Oh my goodness!!! How cool!


----------



## Raj_55555 (Aug 17, 2014)

The expression of the fish in #3 is priceless, I didn't even know that this was possible let alone photograph it. What a rare catch for you Kris, awesome as always!


----------



## Tailgunner (Aug 17, 2014)

Killer captures dude! 

#3 is amazing and #5 is straight up cool looking!


----------



## Derrel (Aug 17, 2014)

OMG-#3 FTW, baby! I LOVE the open-mouthed fish..and boy howdy, is that fish ever talon'd-up but good!


----------



## baturn (Aug 18, 2014)

Nothing to add except, WOW!!! Not even going to try to pick a favorite.


----------



## WesternGuy (Aug 18, 2014)

Kris, great action shots and that last "portrait" is a winner as well.  You continue to set a standard that we can all shoot for.

WesternGuy


----------



## Msteelio91 (Aug 18, 2014)

Incredible shots!


----------



## coastalconn (Aug 18, 2014)

Thanks for all the kind words!  I wanted a tighter crop on one of them, what do you think?

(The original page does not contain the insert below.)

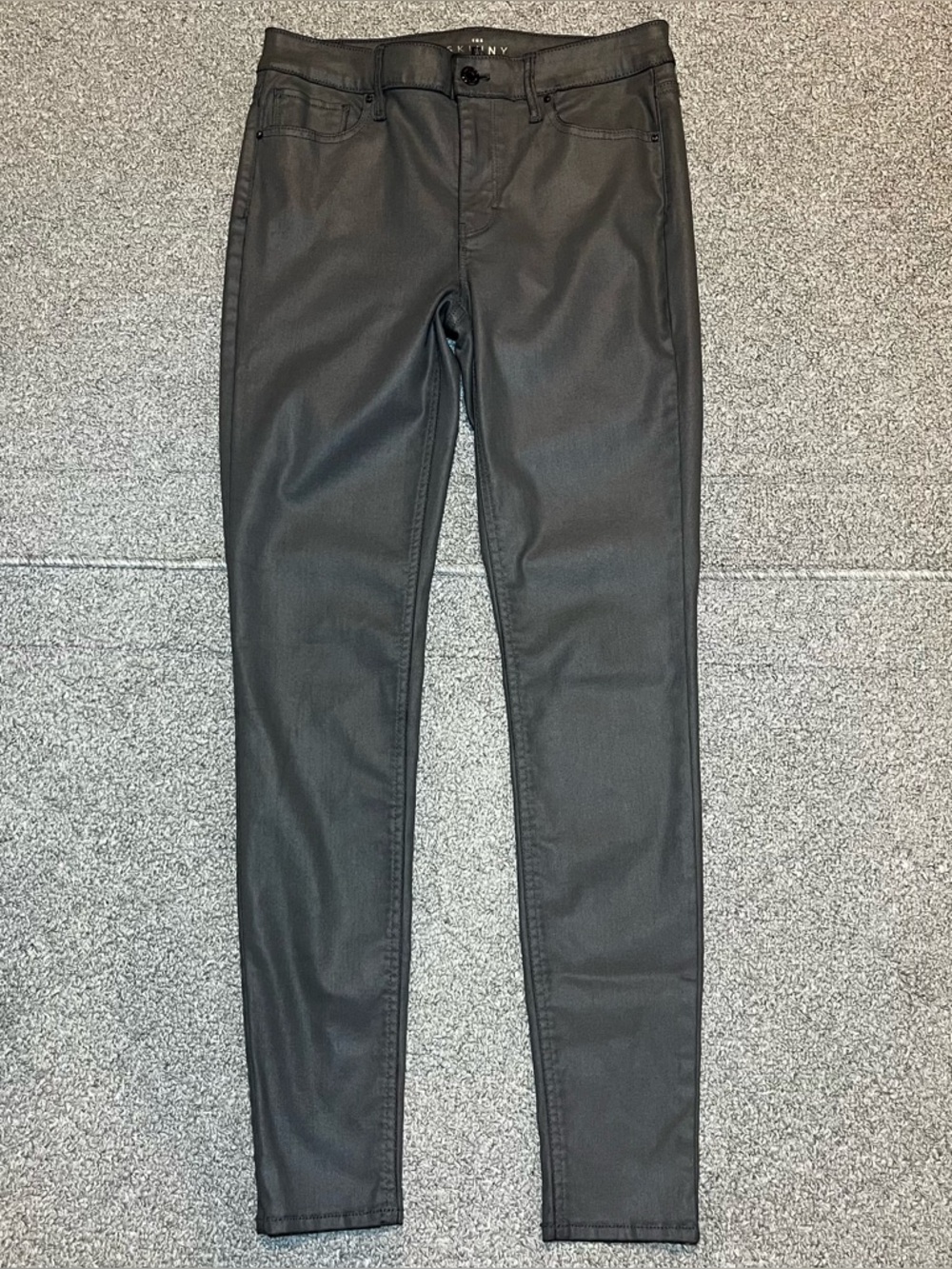 White House Black Market Gray Coated High Rise The Skinny Jeans Womens Size 4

Osprey Two-fer cropped 8/17 by krisinct- Thanks for 2! Million + views!, on Flickr


----------



## coastalconn (Aug 18, 2014)

matthewo said:


> wowie on the twofer, I don't really understand why they would want two, I have never seen an osprey eat a fish from the ground and not a perch like I have seen eagles do. I don't think it could perch with a fish in each talon, also with fish of that size. maybe they go for both just to up the odds that if one breaks free.
> 
> excellent image quality on the last one, that looks like it would give my prime a run for its money on contrast, detail and sharpness.

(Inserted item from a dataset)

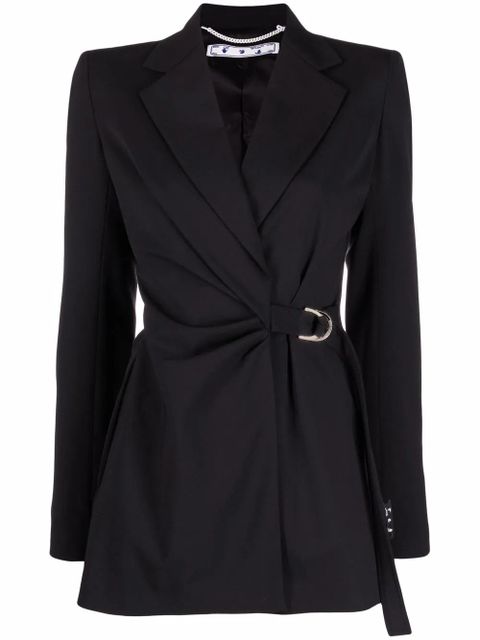 Off-White D-ring buckle fastening blazer - Black - zdjęcie produktu nr 1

I think there were just so many bunker there that the Osprey probably thought it was grabbing one fish.  One eventually fell out of the Talon after 7-8 seconds..
You can see it slipping out here


Osprey Two-fer last fframe 8/17 by krisinct- Thanks for 2! Million + views!, on Flickr

But your prime has a 2 stop advantage.  I'm really impressed though with the Tamron for the money..  Even if I could afford a big prime, I'm not so sure I would want to lug around the extra weight and hold it up waiting for the dives.  I would end up with Popeye arms, lol


----------



## BillM (Aug 18, 2014)

Simply stunning Kris !!!!!


----------



## oldhippy (Aug 18, 2014)

Like the rest have said. Them some kick ass pictures.  You excel at this.  Ed


----------



## mnmcote (Aug 18, 2014)

SO Jealous!!! Great shots!!


----------



## JacaRanda (Aug 18, 2014)

Greatness Kris.  I am really wondering how it continued to handle that fish facing the wrong way.  Did it drop it prior to getting any altitude?




Sent from my iPad using Tapatalk


----------



## Patrickktown (Aug 18, 2014)

AMAZING!


----------



## coastalconn (Aug 18, 2014)

BillM said:


> Simply stunning Kris !!!!!





oldhippy said:


> Like the rest have said. Them some kick ass pictures.  You excel at this.  Ed





mnmcote said:


> SO Jealous!!! Great shots!!





Patrickktown said:


> AMAZING!


Thank you all!



JacaRanda said:


> Greatness Kris. I am really wondering how it continued to handle that fish facing the wrong way. Did it drop it prior to getting any altitude?


It dropped the second wish when it was a few feet above the water.  It dropped the one in it's right talon..  Flipped the other one around and it was back to normal, lol


----------